If everything goes well we have our model at this point and it will be uploaded to output s3 bucket. The model can be seen in AWS Console too:

Training Model

Step 3: Deploying the Model

Now we have the model and we need to deploy it so that we can use it in our application (inference code). The following diagram shows how it works:

Deploy Model

We can deploy this model again by some lines of code in Notebook or in Console. In Notebook, following the code above it’s as easy as:

text_classifier = bt_model.deploy(initial_instance_count = 1,instance_type = 'ml.m4.xlarge')

In Console, the model can be deployed by clicking on the model and then specifying instance type for the machine which will host the inference code and interact with the application:

Deploy Model in Console

Step 4: Test, Verification and Fine tuning

At this point we can test and verify our model by giving some inputs and see how it works. This is how we tested this model:

sentences = ["AWS Insider,2019-01-04 17:12:07,b'#Verizon DevKit Targets #IoT Projects on #AWS #Cloud https://t.co/1ThmnTN3LR #Amazon'"]
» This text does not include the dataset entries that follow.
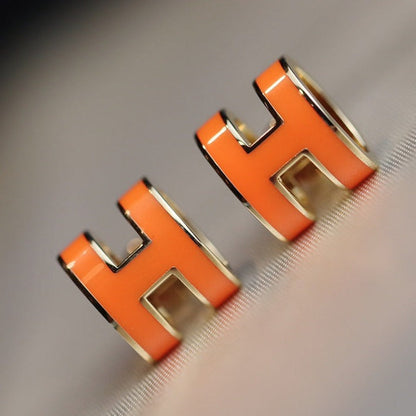 [⭐Shinejoy]MINI POP H EARRINGS ORANGE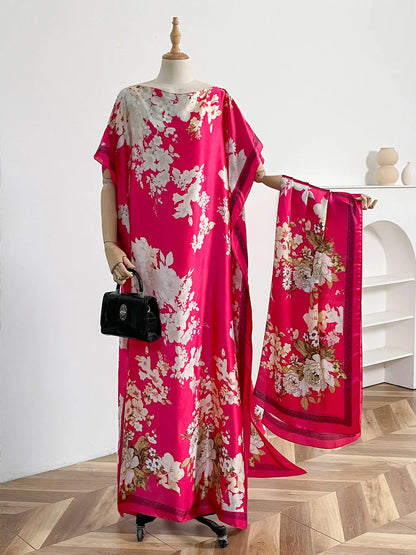 Vintage Peony Floral Print Satin Abaya Scarf Set, Loose Batwing Maxi Kaftan For Muslim Women Summer Holiday Daily Wear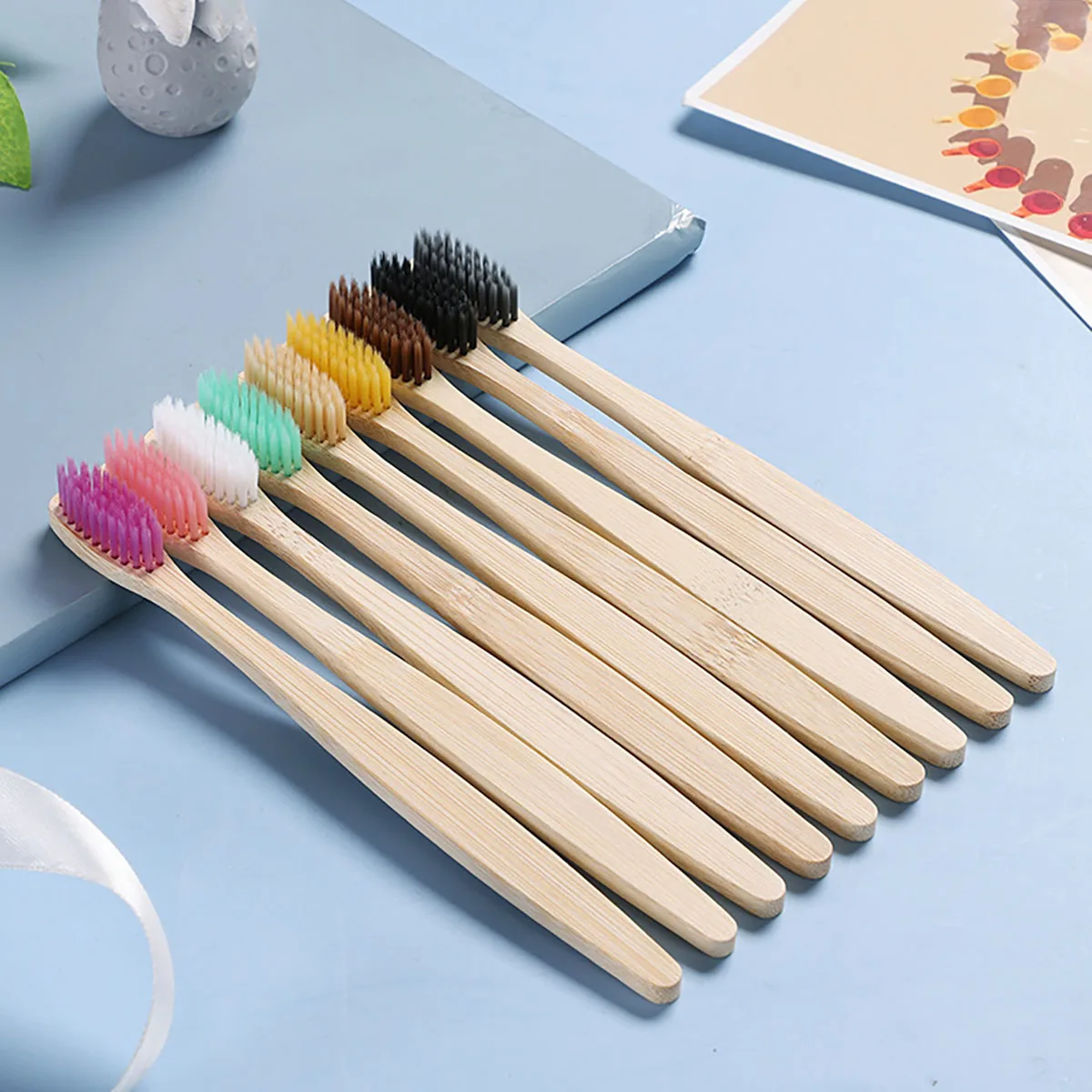 

10 шт., бамбуковые зубные щётки для взрослых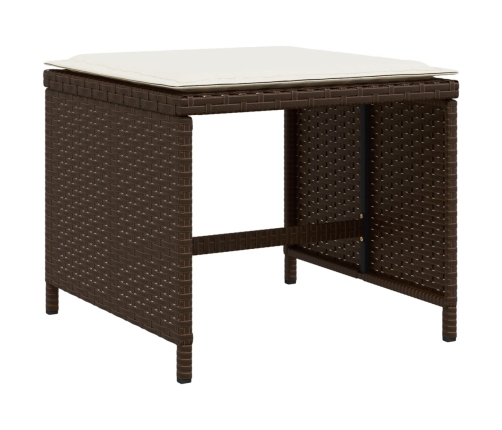 vidaXL 11-daļīgs dārza mēbeļu komplekts, matrači, brūna PE rotangpalma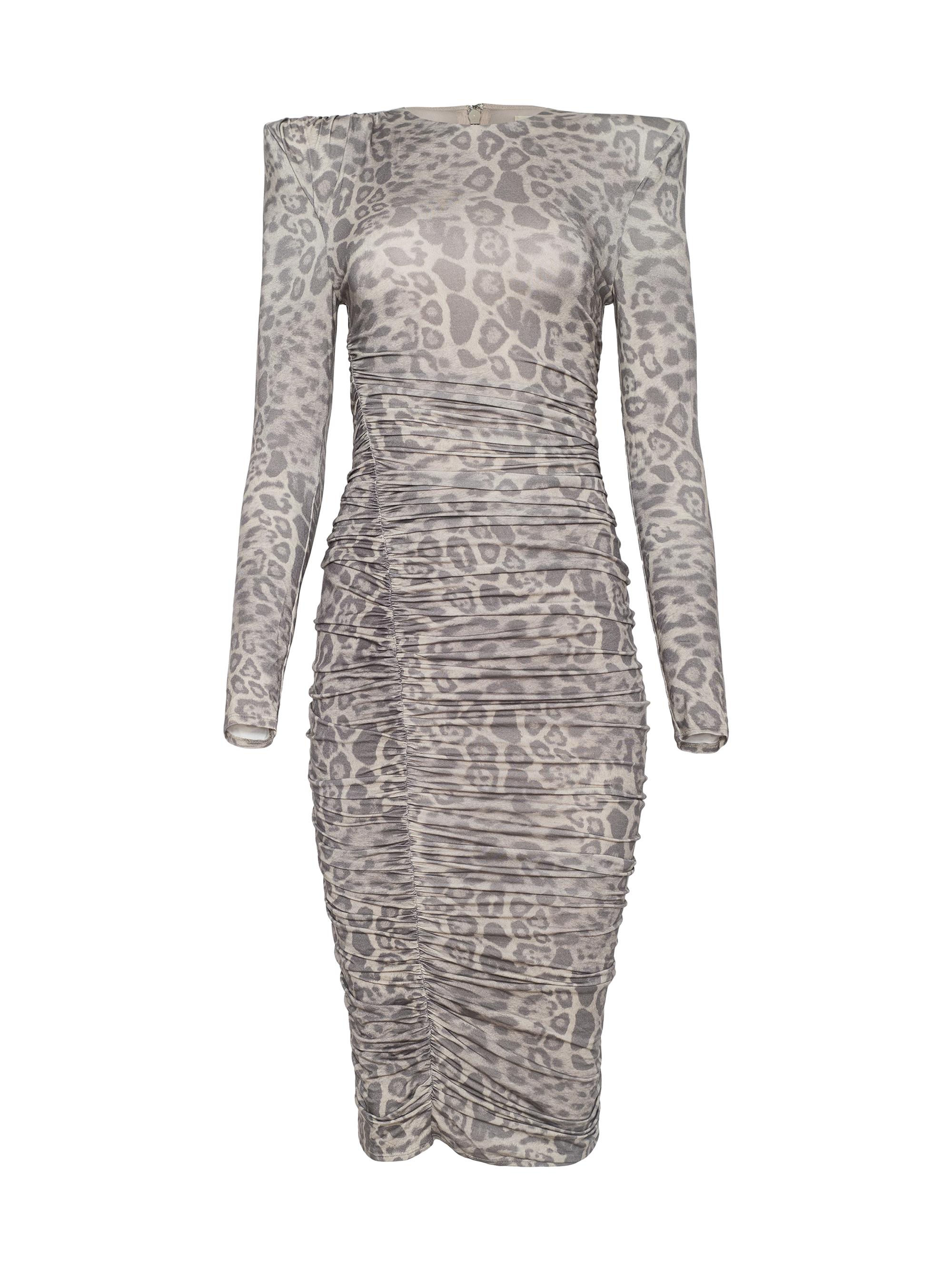 L'AGENCE Women's Paityn Leopard Print Ruched Sheath Dress - Grey Multi Patch Leopard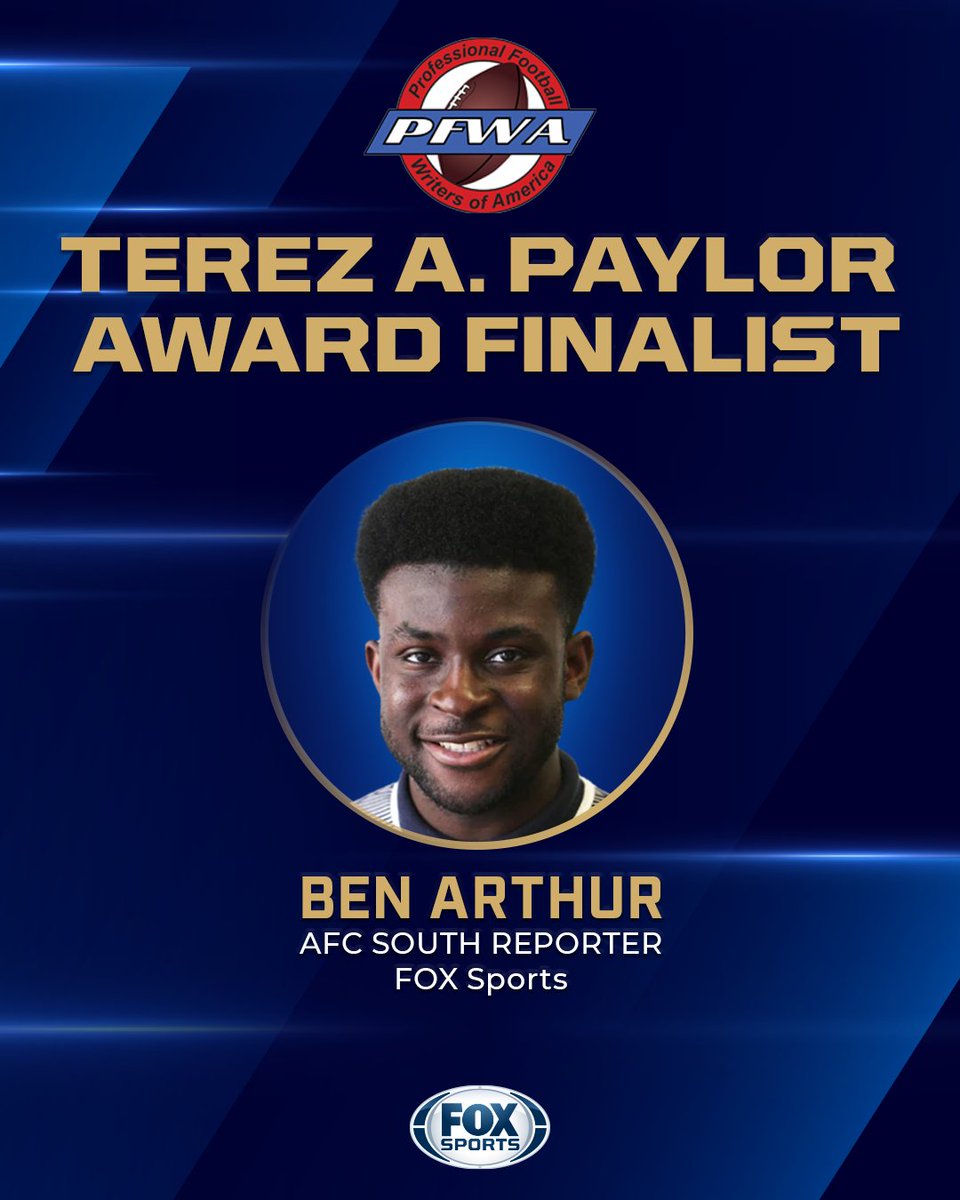 Congratulations to @NFLonFOX reporter Ben Arthur, a finalist for the Pro Football Writers of America's prestigious Terez A. Paylor Emerging Writer Award! 👏👏👏 🏈 Check out the latest from @benyarthur on the FOX Sports App 🔗 foxsports.com/personalities/…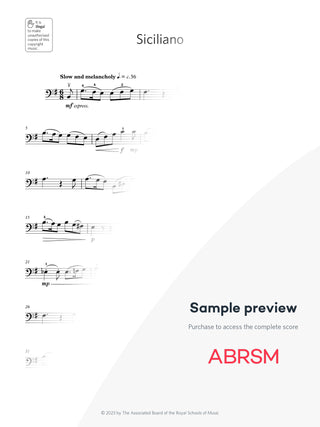 Siciliano - Double Bass Exam Pack 2024 Grade 4 Digi (Digital Sheet Music) protected preview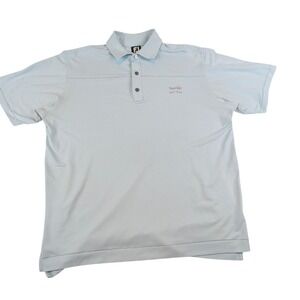 FootJoy Mens Sandridge Golf Club Performance Polo Shirt Light Blue Large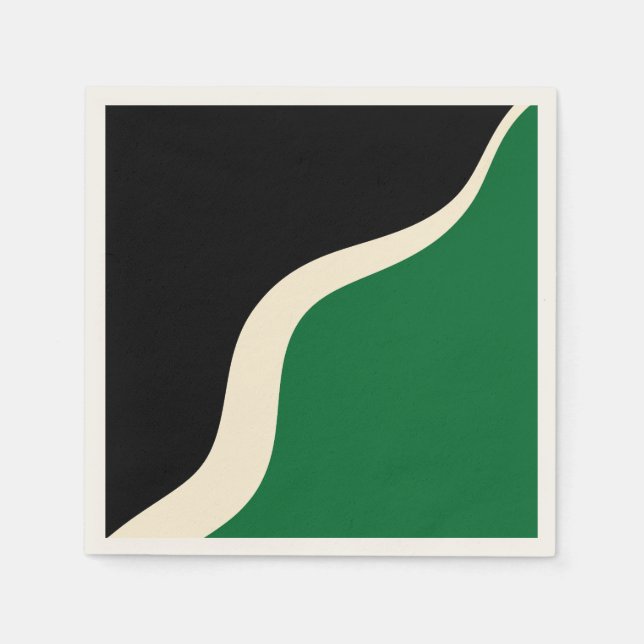 Enkel Vågar 3 i Grönt, Cream och Black Pappersservett (Framsidan)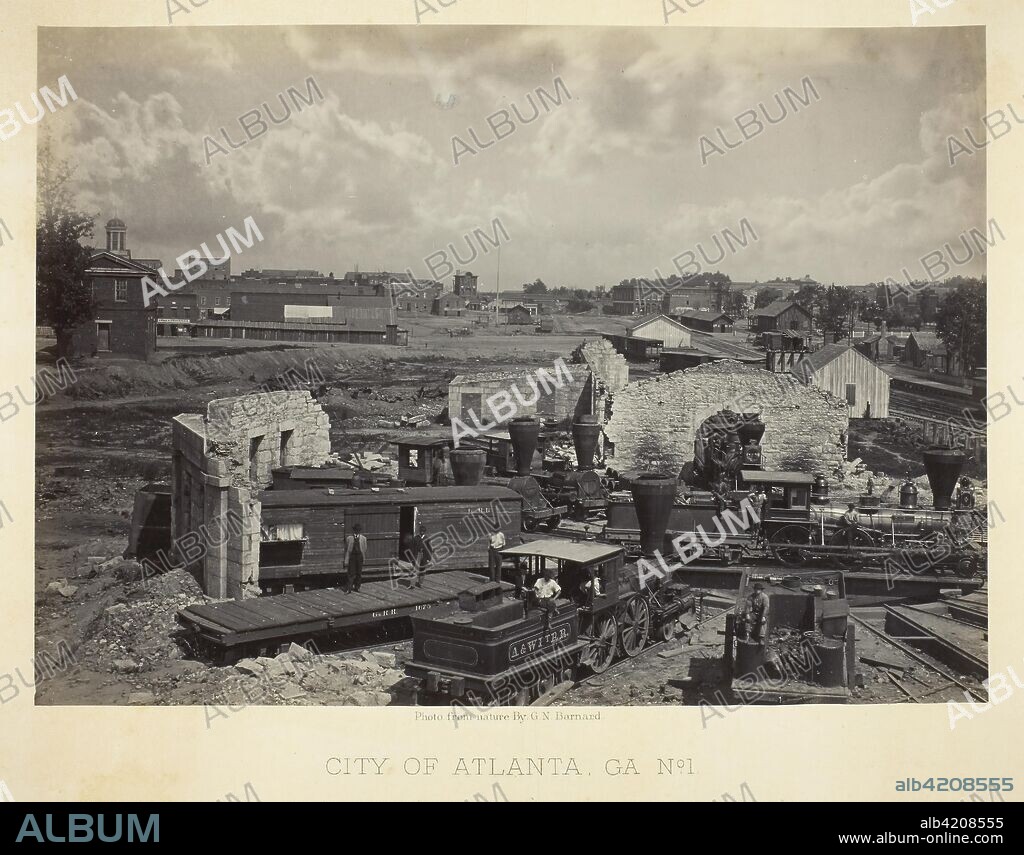 City of Atlanta, GA, No. 1. George N. Barnard; American, 1819-1902. Date: 1866. Dimensions: 25.5 x 35.9 cm (image/paper); 40.9 x 50.7 cm (album page). Albumen print, plate 45 from the album "Photographic Views of the Sherman Campaign" (1866). Origin: United States.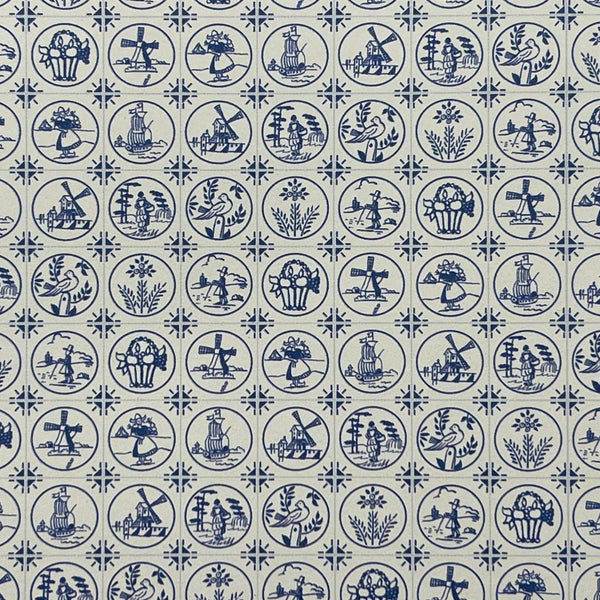 Dollhouse Supplies delft tile wallpaper 1:12 scale miniature square wall tile sheet 17-1/8 inch wide (paper) (blue)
# using the same nltk tokenizer that we used during data preparation for training
tokenized_sentences = [' '.join(nltk.word_tokenize(sent)) for sent in sentences]

payload = {"instances" : tokenized_sentences}

response = text_classifier.predict(json.dumps(payload))

predictions = json.loads(response)
print(json.dumps(predictions, indent=2))

remember that text_classifier was logical name of the endpoint. The result is:

[
  {
    "prob": [
      0.6029699444770813
    ],
    "label": [
      "__label__technical"
    ]
  }
]

I tried some more tweets and overall I was happy with the results. We can continue more test but now we went over the whole cycle of SageMaker which was the purpose of this blog post. If we are not satisfied with the results, we can try to achieve better results by reviewing and refining training dataset or changing hyperparameters for the algorithm or even better algorithms but again these are data science topics and out of the scope of this post.

Delete the Endpoint

Remember that ML instances are expensive. So, if you are done with the experiment and it’s not in production better to delete the endpoint before getting surprised after seeing the invoice!

As you see AWS SageMaker is taking a lot of heavy liftings from the shoulders of data engineers and data scientists and allows them to focus on their job. I also found it very useful for those who want to get a sense of Machine Learning and do some practices. I hope you have enjoyed this blog post and please let us know your feedback!